Demographic characteristics and clinical variables of the patients (n=130)

	n	%	Mean±SD	Min-Max
Age (year)			56.1±13.3	18-87
Disease duration (month)			29.3±31.2	1-150
Cancer pain duration (month)			8±7.6	1-49
Cancer type
Gastrointestinal	24	17.9
Breast	22	16.4
Lung	18	13.4
Gynecologic	15	11.2
Hematologic	15	11.2
Others	40	29.9
Cancer stage
1	6	4.5
2	16	11.9
3	15	11.2
4	97	72.4
Pain type
Visceral	11	8.2
Pure neuropathic	6	4.5
Pure pleuritic	1	0.7
Somatic	35	26.1
Nociceptive+neuropathic	68	50.8
Somatic+visceral	13	9.7
WHO analgesic ladder
1	14	10.4
2	76	56.7
3	44	32.9
ECOG
0	17	12.7
1	47	35.1
2	21	15.7
3	39	29.1
4	10	7.4
SD: Standard deviation; WHO: World Health Organization; ECOG: Eastern Cooperative Oncology Group performance score.

Table 2

Descriptive statistics for each item of BPI-TR (n=130)

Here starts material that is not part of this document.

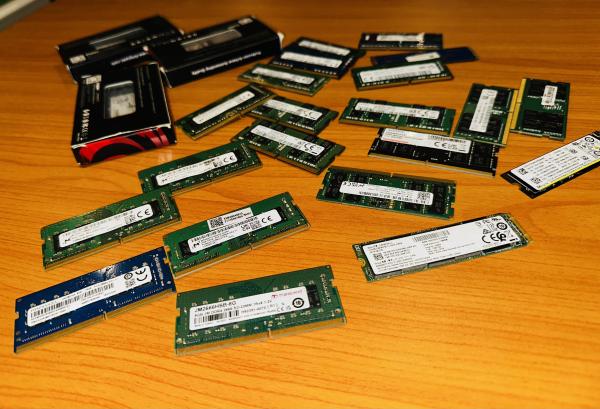 ✅SSD SATA 2.5  Marca Crucial 1TB Preço:5.500.00MT ✅(02)SSD 128 GB NVME PREÇO: 1.400.00MT ✅(03)Memória RAM 16 GB DDR4 SDRAM  4.500.00MT  ✅(05)Memória 0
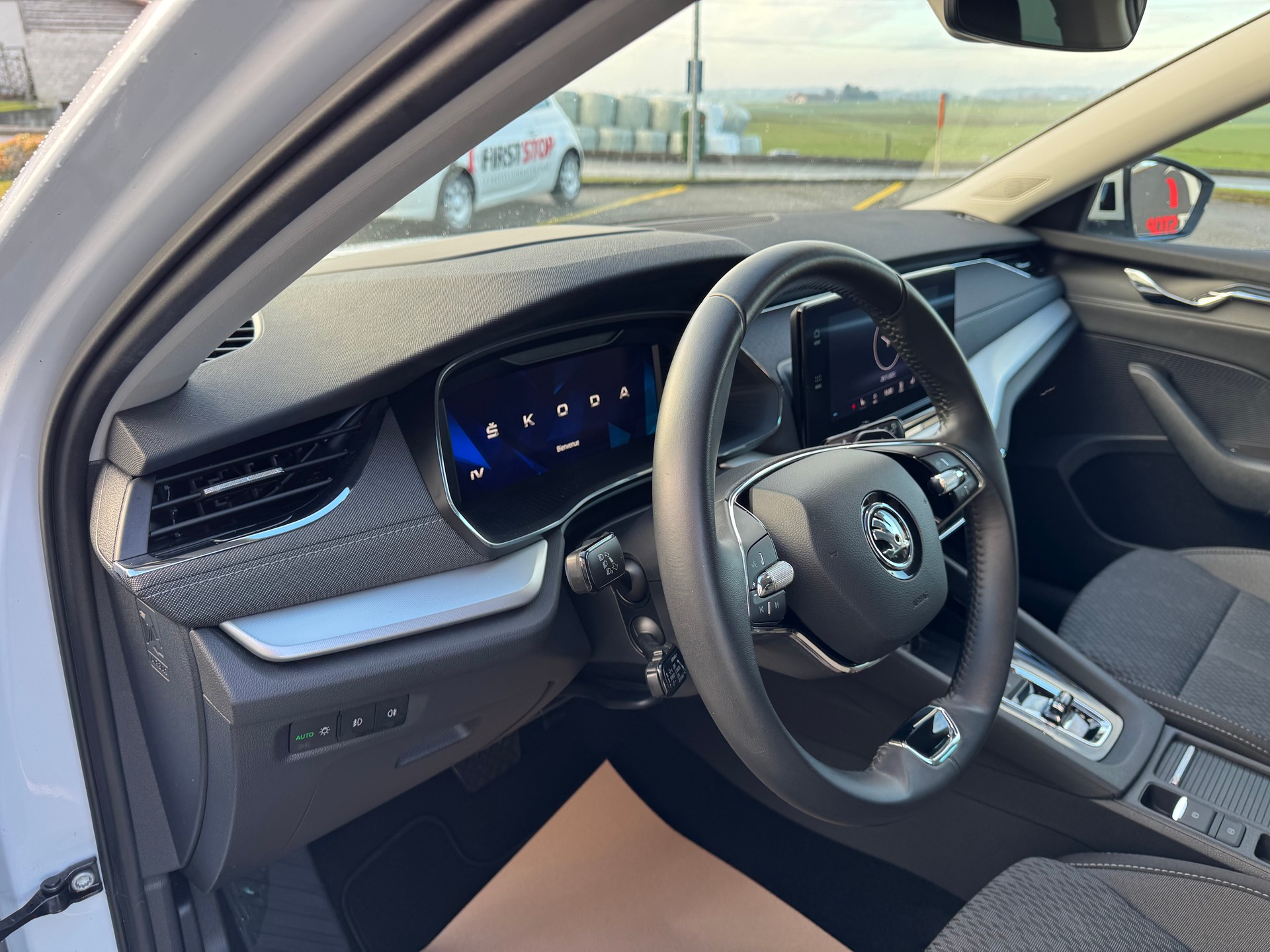 SKODA Octavia Combi 1.4 TSI PHEV DSG Style - 10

Items	Mean±SD	CI*	Median	Range	% Floor	% Ceiling
Worst pain	5.9±2.6	5.4-6.3	6	0-10	2.2	8.2
Average pain	2.3±2	1.9-2.7	2	0-10	18.7	1.5
Least pain	4.2±2.3	3.8-4.6	4	0-10	4.5	1.5
Pain right now	3.3±2.9	2.7-3.8	3	0-10	20.1	4.5
Activity	5.3±3.2	4.8-6	6	0-10	8.2	10.4
Emotional activity	4.7±3.4	4-5.2	5	0-10	16.4	11.2
Walking	4.5±3.6	3.8-5	5	0-10	22.4	11.2
Work	5.3±3.6	4.7-5.9	5	0-10	11.2	19.4
Relationships	4.2±3.5	3.6-4.8	6	0-10	26.1	8.2
Sleeping	4.6±3.3	4.1-5.2	5	0-10	15.7	9
Enjoyment of life	4.8±3.4	4.2-5.4	5	0-10	11.9	11.9
Sum of severity scores	15.7±8.9	14.2-17.3	15	0-40	2.2	1.5
Sum of interference scores	33.4±21.1	30-37.1	35	0-70	3.7	0.7
BPI-TR: Turkish version of the Brief Pain Inventory; SD: Standard deviation: CI: Confidence interval.

Table 3

Internal consistency of the BPI-TR

Pain severity items (a=0.91)		Pain interference items (a=0.95)
Worst	0.90	Activity	0.94
Average	0.90	Mood	0.94
Least pain	0.90	Walking	0.94
Right now	0.89	Work	0.94
		Relationships	0.94
		Sleeping	0.94
		Enjoyment of life	0.94

Table 4

Factor loadings of the factor analysis of the BPI-TR items rotated factor matrix

Items	Factor analysis
	Factor 1: Pain interference	Factor 2: Pain severity
Worst pain	0.375	0.873
Average pain		0.849
Least pain	0.367	0.821
Pain right now		0.795
General activity	0.742	0.428
Mood	0.811
Walking	0.837	0.359
Work	0.858
Relation with others	0.861
Sleeping	0.729	0.482
Enjoyment of life	0.749	0.428
BPI-TR: Turkish version of the Brief Pain Inventory.

Table 5

Spearman correlation coefficient (rho) analysis of BPI with other functional parameters

Tools	Correlation coefficients (r)
	BPI-pain severity	BPI-pain interference
QLQ C30 pain intensity	0.66*	0.77*
QLQ C30 pain interference	0.66*	0.77*
Pain disability index	0.54*	0.50*
QLQ C30 Quality of life	-0.49*	-0.68*
QLQ C30 Emotional function	-0.62*	-0.67*
BPI-TR: Turkish version of the Brief Pain Inventory; QLQ C30: Quality of Life Questionnaire; * p=0.01.